Transcription factors as molecular targets

Basic concepts of target protein “druggability”

Over the last two decades, drug discovery research has been transitioning from searching for compounds active against diseases but with unknown targets to screening for specific inhibitors of disease-relevant proteins [54]. The basic concept of target druggability was coined in 2002 by Hopkins and Groom and mostly remains an empirical issue, constantly reassessed with each new attempt to find drugs [3].

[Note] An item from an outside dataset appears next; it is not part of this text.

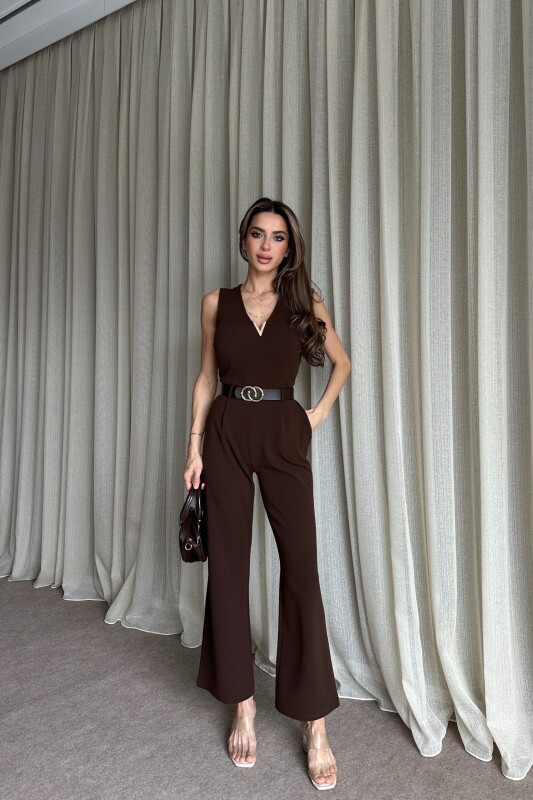 V yaka Önü Aksesuar Detaylı Kemerli Tulum - Kahve - 1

All drugs currently available on the market target less than 500 proteins, of both pathogen and human host origins. More than 50% of these drugs target three types of proteins only, class I G protein-coupled receptors (GPCR; 27%), nuclear receptors (13%), and ion channels (13%) [55,56]. Advantageous physicochemical properties for drug binding can be estimated for any disease-relevant protein: simply put, the presence of a deep hydrophobic pocket that is large enough to allow for high-affinity binding of a drug-like molecule, in turn, able to modulate the target’s “activity” [57]. To some extent, off-target adverse effects can also be predicted based on the same binding site characteristics, as well as knowledge accumulated from decades of clinical trials and emerging inter-disciplinary systems biology [58]. Other, less tangible aspects of druggability are much harder to predict, including any “experimental hurdles” and unforeseen adverse effects, until trialed [57].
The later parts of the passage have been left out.